Temkin isotherm: q_e = a_t+B₀ Ln C_e

Dubinin – Radushkevich isotherm: Ln q_e = Ln q_m - 2B.RT.Ln (1+1/C_e )

Harkins –Jura isotherm: 1/q_e² = (B/A) – (1/A log C_e)

As shown in Figure 12-16 and Table 2.experiments were accomplished at different temperatures (298, 313 and 328 K). The R² values show that Freundlich and Harkins-Jura models fits well with experimental data. These results identify that the surfaces of reactive fibers are rough and heterogeneous and can be efficient on multilayer adsorption. [32]

Thermodynamic studies: The following equations were used to calculate the thermodynamic parameters for the adsorption process:

Kd = qe / Ce

ΔG°= -RT LnKd

ΔG°= ΔH°- T ΔS°

LnKd = - ΔH° / RT + ΔS° / R

In above equations, K_d is the equilibrium constant, T is the temperature (K), R is the gas constant. ΔH° and ΔS° are the change of enthalpy and entropy and by the help of Van't Hoff plots were determined. Results presented in Figure 17 and Table 3.

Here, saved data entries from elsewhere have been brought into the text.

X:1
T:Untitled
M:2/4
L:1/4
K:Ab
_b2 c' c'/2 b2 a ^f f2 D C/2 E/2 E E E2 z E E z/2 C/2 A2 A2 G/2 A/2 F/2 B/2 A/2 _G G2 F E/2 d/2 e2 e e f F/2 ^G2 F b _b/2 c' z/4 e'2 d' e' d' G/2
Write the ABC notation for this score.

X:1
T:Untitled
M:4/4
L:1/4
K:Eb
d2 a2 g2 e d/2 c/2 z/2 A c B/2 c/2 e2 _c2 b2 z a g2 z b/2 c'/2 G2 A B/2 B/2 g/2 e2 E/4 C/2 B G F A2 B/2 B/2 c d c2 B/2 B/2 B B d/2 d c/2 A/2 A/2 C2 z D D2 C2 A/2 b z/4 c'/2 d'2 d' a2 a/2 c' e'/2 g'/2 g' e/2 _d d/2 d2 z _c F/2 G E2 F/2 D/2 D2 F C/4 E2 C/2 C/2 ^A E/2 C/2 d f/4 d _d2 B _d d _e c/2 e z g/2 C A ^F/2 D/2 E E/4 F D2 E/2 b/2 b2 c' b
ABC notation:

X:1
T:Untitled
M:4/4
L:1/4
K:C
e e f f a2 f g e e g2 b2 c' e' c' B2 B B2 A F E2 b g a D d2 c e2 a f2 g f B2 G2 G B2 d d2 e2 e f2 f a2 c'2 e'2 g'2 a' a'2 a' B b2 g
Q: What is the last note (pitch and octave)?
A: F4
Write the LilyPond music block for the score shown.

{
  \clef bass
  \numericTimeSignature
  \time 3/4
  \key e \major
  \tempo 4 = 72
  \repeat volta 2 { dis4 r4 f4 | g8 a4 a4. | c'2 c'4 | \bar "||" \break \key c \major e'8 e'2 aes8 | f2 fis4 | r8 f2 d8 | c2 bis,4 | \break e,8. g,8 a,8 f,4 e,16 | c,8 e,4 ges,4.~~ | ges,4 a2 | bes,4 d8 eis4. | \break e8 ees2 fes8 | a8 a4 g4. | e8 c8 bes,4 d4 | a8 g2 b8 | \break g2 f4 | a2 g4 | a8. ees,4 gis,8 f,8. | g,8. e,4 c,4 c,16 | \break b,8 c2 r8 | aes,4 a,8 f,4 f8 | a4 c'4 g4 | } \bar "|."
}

The low value of the ΔH° demonstrates the physisorption is much more possible and the process is endothermic 33. The ΔS° identify increased disorder at the adsorbent – solution interface during the adsorption of dye. Meanwhile, during the adsorption of dye onto PET fibers the freedom degrees increase. The negative quantities of ΔG°, show that the adsorption process are thermodynamically favorable and spontaneous. The amounts of ΔG° for physisorption were reported between -20 _ 0 kJ/mol.[34]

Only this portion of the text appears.